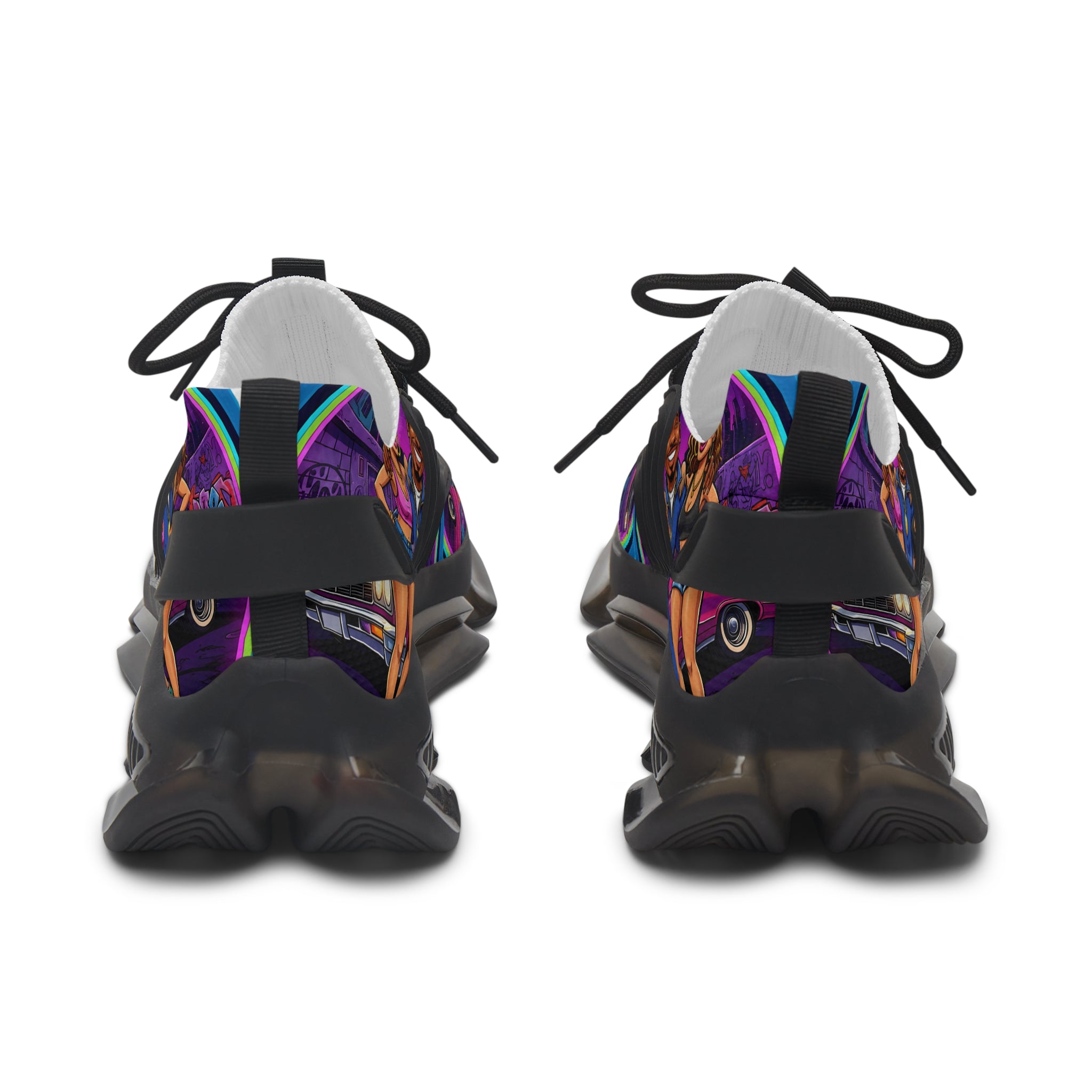 Men's Mesh Sneakers — Colorful 'Get Around' Graphic Athletic Shoes for men's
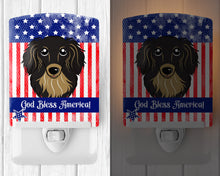 Load image into Gallery viewer, American Flag and Longhair Black and Tan Dachshund Ceramic Night Light BB2143CNL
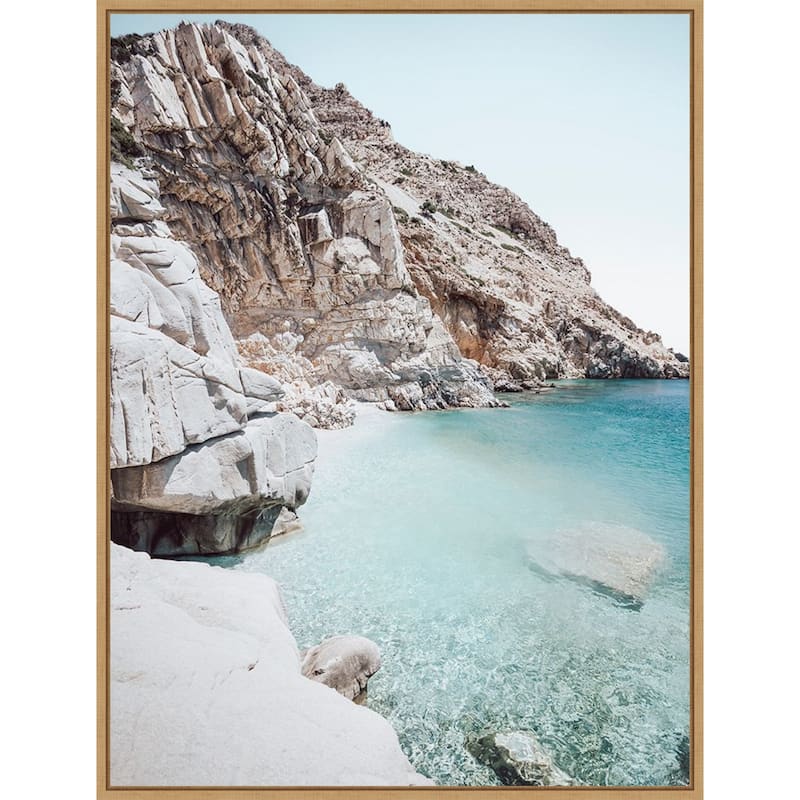 Ikaria Seychelles Beach by Bella Eve Framed Canvas Wall Art Print - Sylvie Natural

Exercise details: Please produce an exact copy of all the material, leaving out the pictures.

Answer for the task:
 Men's Mesh Sneakers — Colorful 'Get Around' Graphic Athletic Shoes for men's
 Load image into Gallery viewer, American Flag and Longhair Black and Tan Dachshund Ceramic Night Light BB2143CNL
 Ikaria Seychelles Beach by Bella Eve Framed Canvas Wall Art Print - Sylvie Natural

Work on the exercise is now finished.